A.) Determine "a" and "k" so both points are on the graph of the function.
1.) (0,1) (2,1); y=a(x-1)^2+k
2.) (1,11) (2,-19); y=a(x+1)^2+k
B.) Determine whether or not the function f(x)=0.25(2x-15)^2+15 has a mazimum or a minimum value. Then find the value.
C.) When y=2(x-3)(x+5) is written in standard form, what is the value of b?
D.) For y=3x^2-7x+5, what is the x-value of the vertex? Enter your answer as an improper fraction in simplest form.
THANK YOU SO MUCH!!!!! :)
A1
1 = a(-1)^2 + k
1 = a(1)^2 + k
----------------
-1 = 0 + 0 no solution possible
A2
11 = a(2^2) + k
-19 = a(3^2) + k
-----------------subtract
30 = -5 a
a = -6
11 = -6(4) + k
k = 35
so
y = -6(x+1)^2 + 35
B.) Determine whether or not the function f(x)=0.25(2x-15)^2+15 has a mazimum or a minimum value. Then find the value.
when x gets big + or big -, y gets big +
SO
This parabola has a minimum (holds water)
it is symmetric about the point where
2x-15 = 0
or x = 7.5
then calculate y at x = 7.5 to get the vertex
C.) When y=2(x-3)(x+5) is written in standard form, what is the value of b?
y = 2(x^2 + 2 x - 15)
y = 2 x^2 + 4 x - 30
D.) For y=3x^2-7x+5, what is the x-value of the vertex?
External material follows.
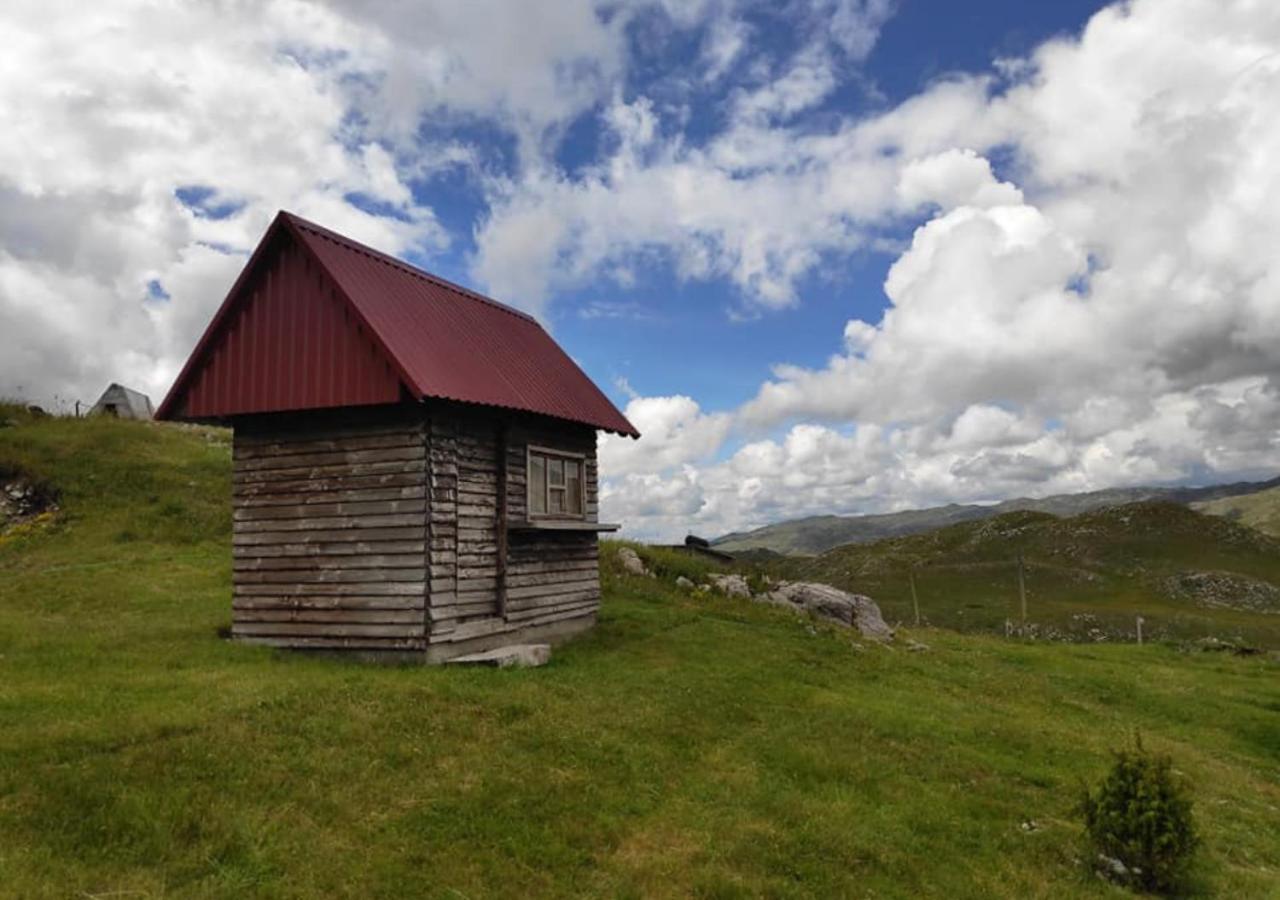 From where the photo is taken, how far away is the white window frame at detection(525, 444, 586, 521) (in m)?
21.2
Enter your answer as an improper fraction in simplest form.
3 x^2 - 7 x = y - 5
x^2 -(7/3) x = y/3 - 5/3
x^2-(7/3)x+(7/6)^2 = y/3 -5/3+(7/6)^2
(x-7/6)^2 = y/3 etc etc
so
when x = 7/6 we are at the vertex
A.) To determine the values of "a" and "k" so that both points are on the graph of the function, we can substitute the given points into the equation and solve for the variables.
1.) (0,1): Substitute x=0 and y=1 into the equation y=a(x-1)^2+k
1 = a(0-1)^2 + k
1 = a(1) + k
1 = a + k
2.) (2,1): Substitute x=2 and y=1 into the equation y=a(x-1)^2+k
1 = a(2-1)^2 + k
1 = a(1) + k
1 = a + k
Now we have two equations:
1 = a + k
1 = a + k
Since both equations are the same, we can combine them:
2 = 2a + 2k
Divide both sides of the equation by 2:
1 = a + k
Therefore, the values of "a" and "k" that satisfy both points are: a = 1 and k = 0.
B.) To determine whether the function has a maximum or minimum value, we need to analyze the coefficient of the squared term in the function.
The function is in the form: y = a(x-h)^2 + k
In this case, we have: y = 0.25(2x-15)^2 + 15
The coefficient of the squared term is positive (0.25), which means the parabola opens upwards and the function has a minimum value.
To find the value of this minimum, we need to determine the vertex of the parabola.
The x-coordinate of the vertex can be found using the formula: x = -b / (2a)
In this case, a = 0.25 and b = 2(-15) = -30.
x = -(-30) / (2*0.25)
x = 30 / 0.5
x = 60
To find the corresponding y-coordinate, substitute the x-value into the function:
y = 0.25(2(60)-15)^2 + 15
y = 0.25(120-15)^2 + 15
y = 0.25(105)^2 + 15
y = 0.25(11025) + 15
y = 2756.25 + 15
y = 2771.25
Therefore, the function has a minimum value of 2771.25.
C.) To write the equation y = 2(x-3)(x+5) in standard form (y = ax^2 + bx + c), we need to expand and simplify the expression.
y = 2(x-3)(x+5)
y = 2(x^2 + 5x - 3x - 15)
y = 2(x^2 + 2x - 15)
y = 2x^2 + 4x - 30
Comparing this form to the standard form, we can see that the value of b is 4.
D.) The x-value of the vertex of the function y = 3x^2 - 7x + 5 can be found using the formula: x = -b / (2a)
In this case, a = 3 and b = -7.
x = -(-7) / (2*3)
x = 7 / 6
Therefore, the x-value of the vertex is 7/6 or 1 1/6.